● **Your goal**
Leaving out the images, please output every entry exactly as it appears.

● **Available data**

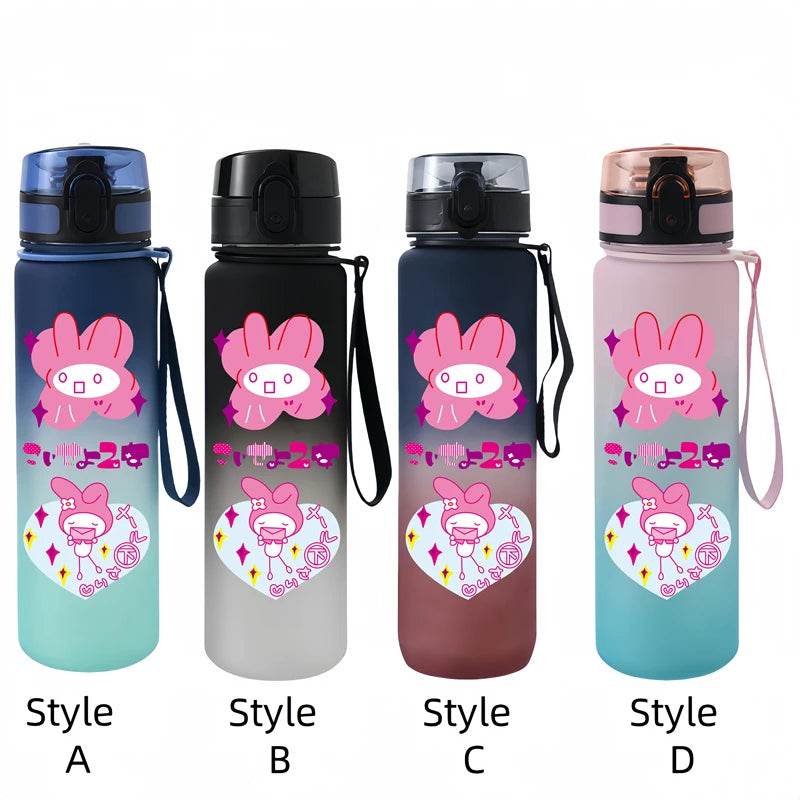 Sanrio 650ml Cartoon-Themed Portable Water Bottle – Large Capacity, Leak-Proof Plastic SA1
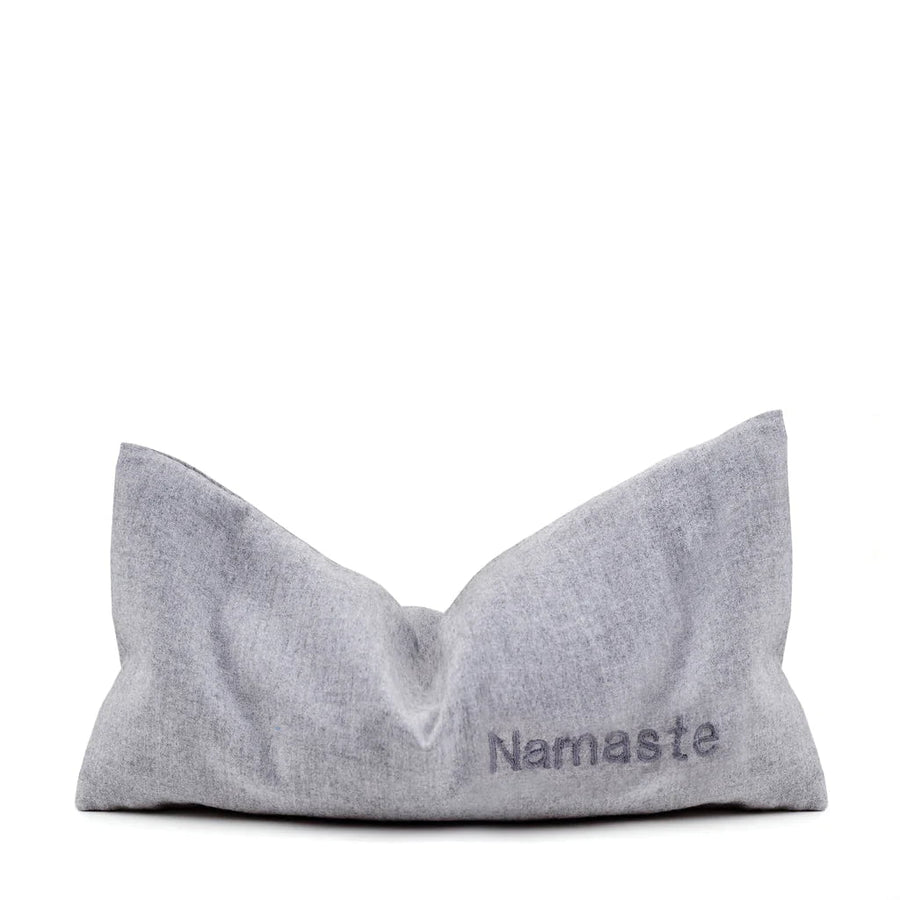 Spritz Wellness Yoga Pro Aromatherapy Eye Pillow - Soft Plain Grey Namaste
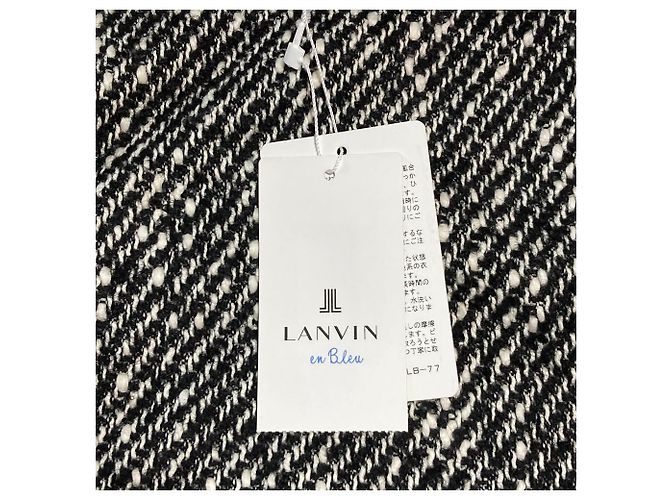 Falda de tweed LANVIN en Bleu Negro - vista 7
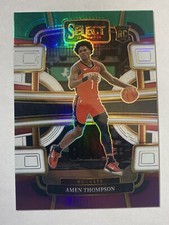 Select 2023-24 Amen Thompson Rookie Concourse Green White Purple Tri-Color 96 RC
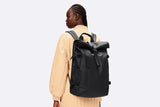 Rains Rolltop Rucksack Large Black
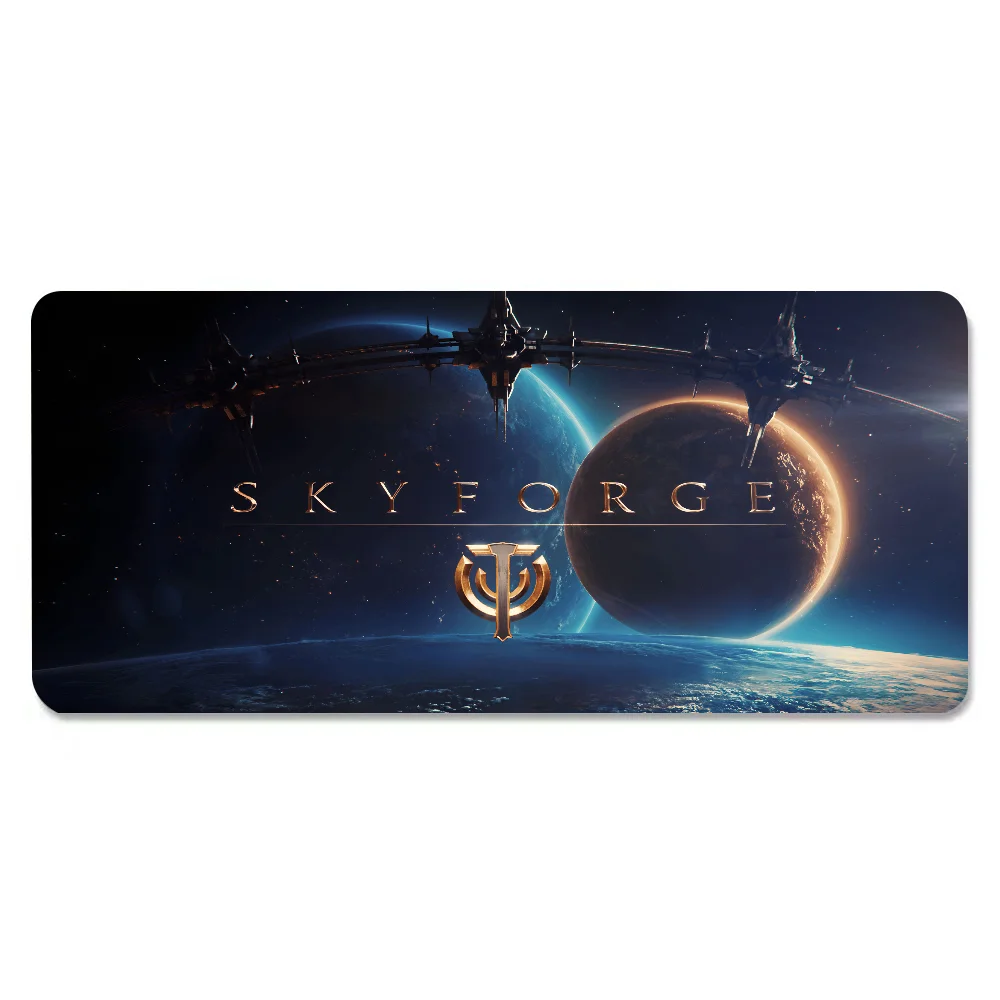 Gaming S-Skyforge Cool Mousepad Large Anti-Slip Mouse Pad Stitched Edges Mat Durable Desk Laptop Gaming​ Keyboard Pad XXL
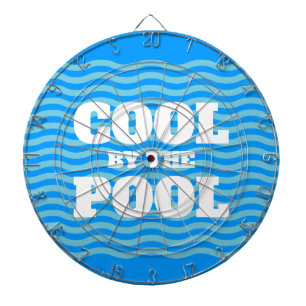 Kühl am Pool lustige Sommer Stimmung individuell Dartscheibe
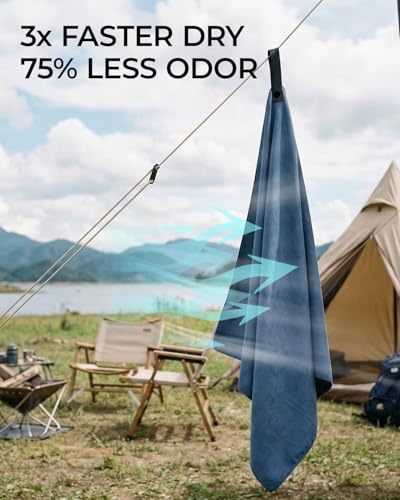 Quick Dry Microfiber Towel Travel, Beach & Camping Towels. Fast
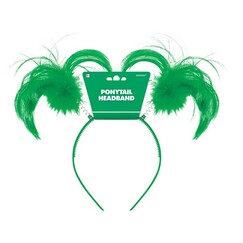 Green Ponytail Head Bopper Headband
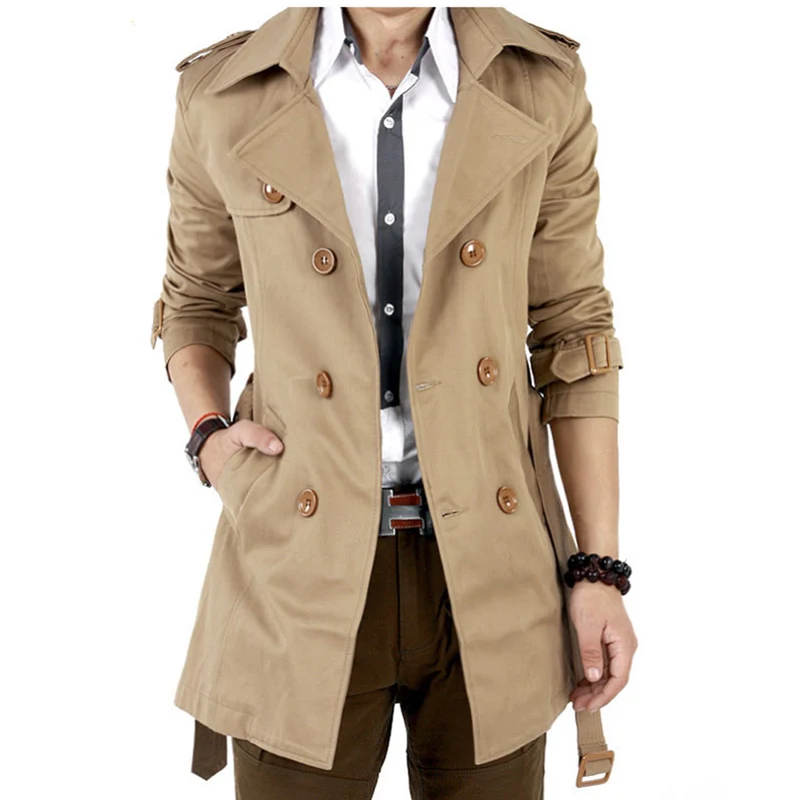 

Korean Fashion Men Jacket Medium Long Autumn Jackets for Men Slim jaqueta masculina jaket pria, Sizes S-XXXL Men Jackets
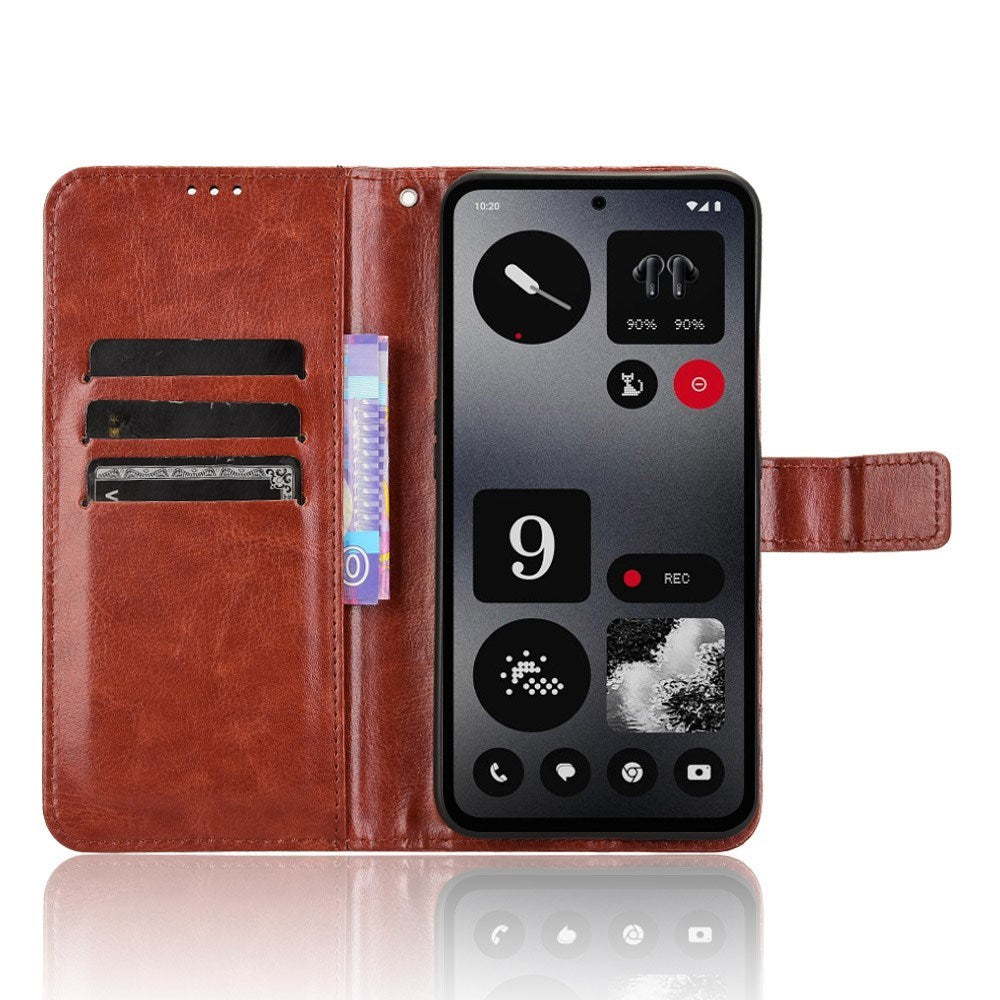EIDERWOOD Nothing CMF Phone 1 Kunstskinn Flip Deksel m. Strop - Brun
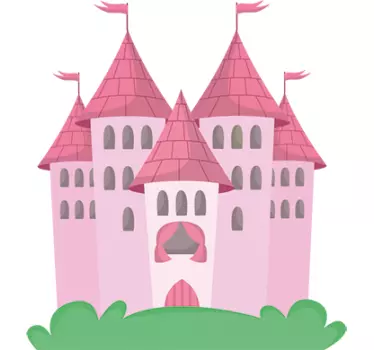 Nálepka na ružový hrad - Tenstickers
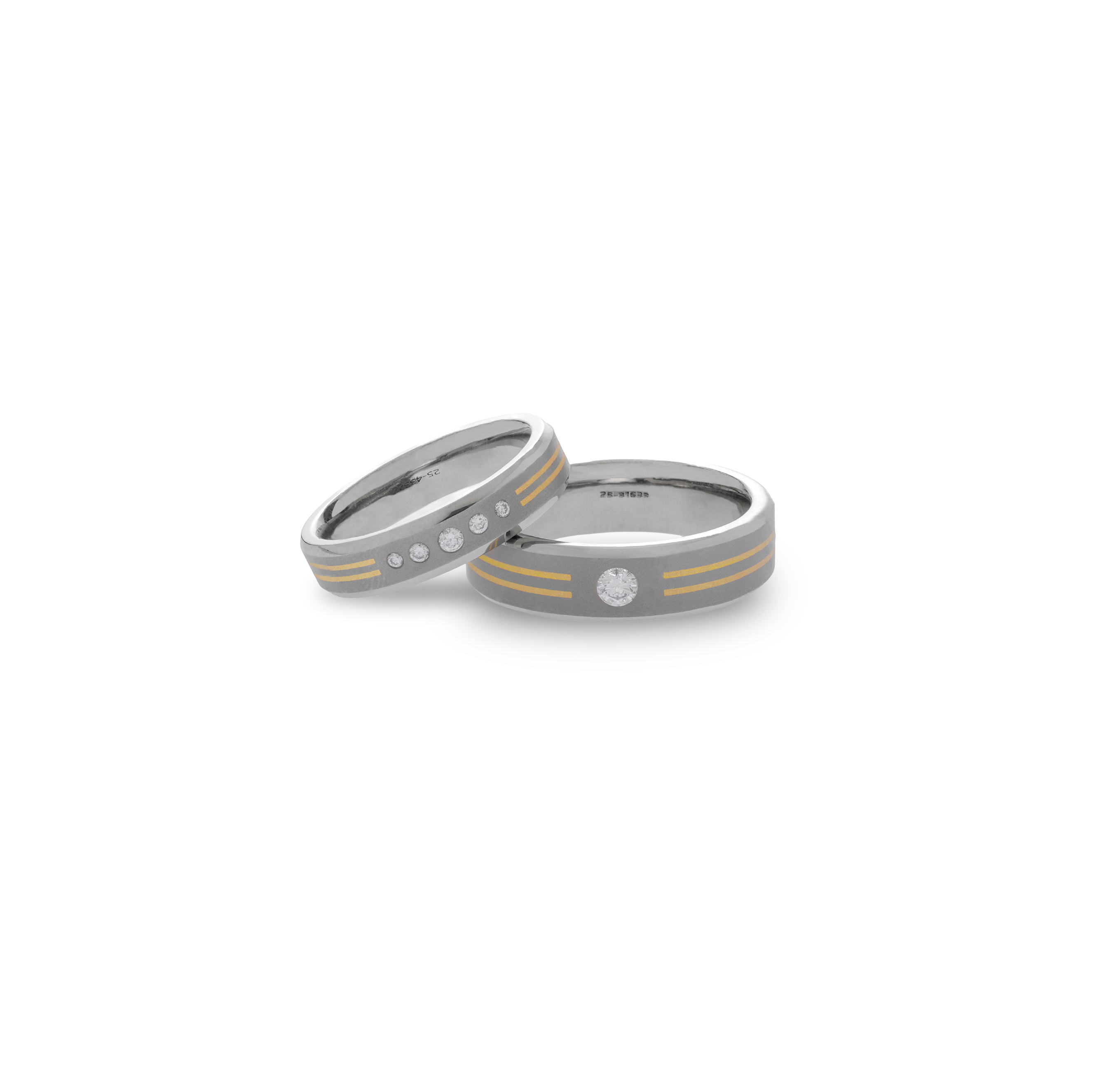Eternity Continuum -  Titanium Couple Bands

● **Answer area**
 Sanrio 650ml Cartoon-Themed Portable Water Bottle – Large Capacity, Leak-Proof Plastic SA1
 Spritz Wellness Yoga Pro Aromatherapy Eye Pillow - Soft Plain Grey Namaste
 Falda de tweed LANVIN en Bleu Negro - vista 7
 Select 2023-24 Amen Thompson Rookie Concourse Green White Purple Tri-Color 96 RC
 Rains Rolltop Rucksack Large Black
 Gaming S-Skyforge Cool Mousepad Large Anti-Slip Mouse Pad Stitched Edges Mat Durable Desk Laptop Gaming​ Keyboard Pad XXL
 Kühl am Pool lustige Sommer Stimmung individuell Dartscheibe
 Quick Dry Microfiber Towel Travel, Beach & Camping Towels. Fast
 Green Ponytail Head Bopper Headband

Korean Fashion Men Jacket Medium Long Autumn Jackets for Men Slim jaqueta masculina jaket pria, Sizes S-XXXL Men Jackets
EIDERWOOD Nothing CMF Phone 1 Kunstskinn Flip Deksel m. Strop - Brun
 Nálepka na ružový hrad - Tenstickers
Eternity Continuum -  Titanium Couple Bands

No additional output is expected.